Au salon aérospatial international du Bourget, qui a ouvert ses portes lundi au nord de Paris, l'entreprise publique Commercial Aircraft Corporation of China (Comac) présente des maquettes de ses appareils, dont le C919, le plus gros avion de transport de passagers produit en Chine.
Ce monocouloir est un concurrent potentiel de l'Airbus A320, l'avion le plus vendu au monde, et du 737 MAX de Boeing, avionneur dans la tourmente après plusieurs accidents mortels, dont le dernier est survenu la semaine dernière en Inde.

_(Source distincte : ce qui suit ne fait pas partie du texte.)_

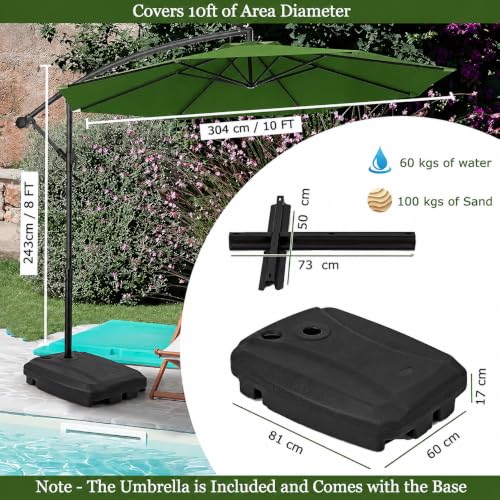 Image of Hukimoyo 10Ft Diameter Large Outdoor Patio Cantilever Offset Umbrella with Base Stand, Waterproof Heavy Duty Garden Parasol Sun Shade Canopy, Side Pole Umbrella for Backyard, Poolside, Deck, Lawn, Terrace, Cafe.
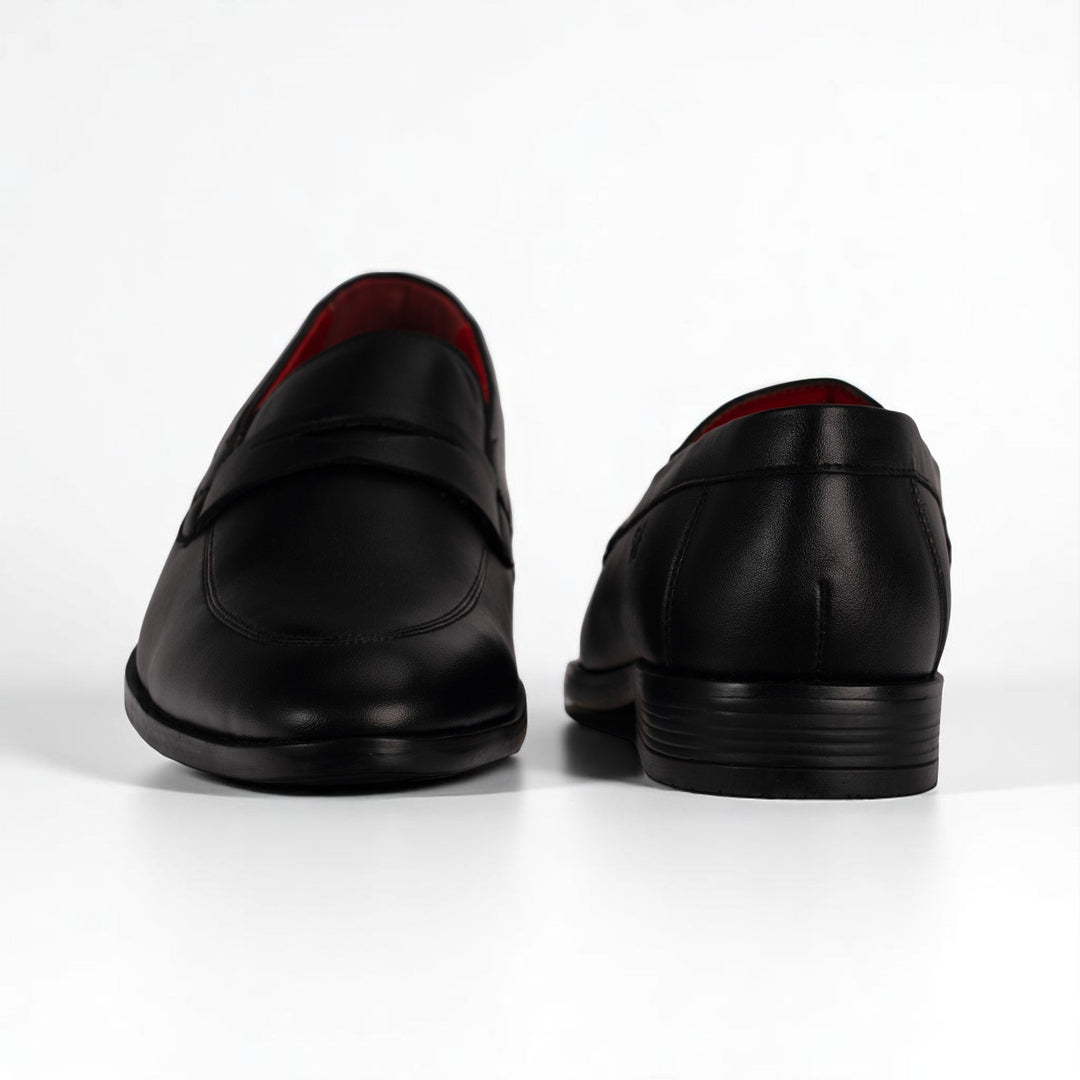 Ethik Bellmont Black | Men’s Vegan Leather Loafers | Semi - Gloss Finish with Saddle Strap - Suspire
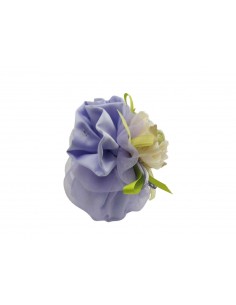 Sacchetti-colore-glicine-in-raso-e-organza-con-fiore 2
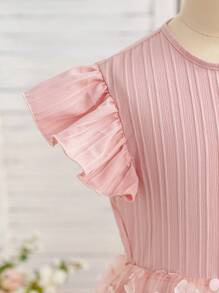 SHEIN Glamorique Kids Girls' Princess Dress With 3D Floral Textured Fabric And Tiered Mesh Cap Sleeves Pretty Dress For Girl Toddler Dress For Wedding Tween Girls Flower Dress Young Girls Floral Dress Rose Dresses For Girls Party Dresses For Kids Birthday Dresses For Girls Flower Party Dress For Girls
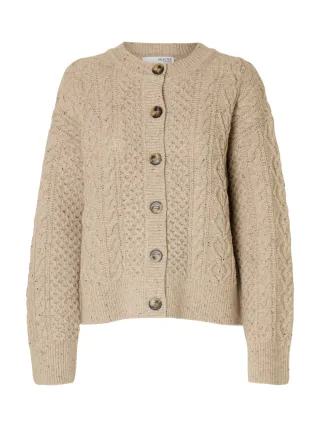 SELECTED WOMEN - SLFNELLY LS KNIT O-NECK CARDIGAN birch - Gr. - M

Avec la forte demande des compagnies aériennes pour les moyen-courriers, le C919 pourrait profiter d'un souffle favorable, estime Florian Aknin, qui couvre notamment le secteur aéronautique au sein du cabinet Roland Berger.
"Boeing et Airbus ont des difficultés pour augmenter les cadences de production au niveau espéré", dit-il. Dans ces conditions, "avoir un troisième acteur apporte une vraie solution à des compagnies aériennes qui ont des besoins assez urgents", souligne-t-il.
Toutefois, si le C919 effectue des vols commerciaux en Chine depuis le mois de mai 2024, son arrivée sur les tarmacs du monde entier ne va pas être immédiate, préviennent des spécialistes interrogés par l'AFP.
- Plusieurs difficultés -
Sur le stand de Comac, au Bourget, on indique qu'à ce jour, 20 appareils C919 ont été livrés au total. A titre de comparaison, Airbus produit quelque 45 avions A320 par mois, tandis que les autorités américaines ont plafonné la production du Boeing 737 MAX à 38 par mois à la suite d'un incident survenu en 2024 à bord d'un avion d'Alaska Airlines, qui avait perdu en vol un panneau de fuselage.
Comac est confronté à plusieurs difficultés. Il doit d'abord se faire certifier par les différentes autorités mondiales, un processus relativement long. Cela pourrait prendre trois à six ans, a récemment signalé le directeur exécutif de l'Agence européenne de la sécurité aérienne (AESA), Florian Guillermet, dans un entretien à la Tribune.
Le C919 devra en outre disposer d'une logistique adaptée. "Lorsqu'une compagnie aérienne choisit un type d'appareil pour une partie de sa flotte, cela nécessite que tous les pilotes et personnels navigants soient qualifiés sur ce type d'appareil", explique Florian Aknin.
Il faut donc tout un écosystème - composé de personnel au sol pour entretenir la flotte, de pièces de rechange disponibles - qui met des années à être construit.
Enfin, Comac est fortement dépendant de l'étranger en matière technologique, ce qui le rend sensible aux questions géopolitiques. Selon un article du New York Times paru fin mai, Washington a ainsi suspendu la vente à l'avionneur chinois de certains produits et technologies.
D'après Pascal Fabre, partenaire chez AlixPartners et spécialiste du secteur aérospatial, Comac est très dépendant des fournisseurs occidentaux. Il s'agit de "50 à 70% de dépendance, soit directe – fourniture par des fournisseurs occidentaux – soit indirecte – avec des joint-ventures entre un fournisseur occidental et un acteur chinois", détaille-t-il.
"C'est le cas pour l'avionique, pour les trains d'atterrissage...", abonde Rémy Bonnery, expert du secteur chez Archery Strategy Consulting.
Toutefois, si ce spécialiste ne voit pas Comac concurrencer Boeing et Airbus dans l'immédiat, "l'entreprise apprend à structurer sa chaîne de sous-traitance et à réaliser une montée en cadence sur un objet aussi complexe qu'un avion de ligne, avec plusieurs millions de pièces à intégrer pour pouvoir fabriquer l'avion".
"Ils pourront en tirer le plein bénéfice, pas sur la génération actuelle d'appareils, mais plutôt en se projetant sur la prochaine génération", juge-t-il.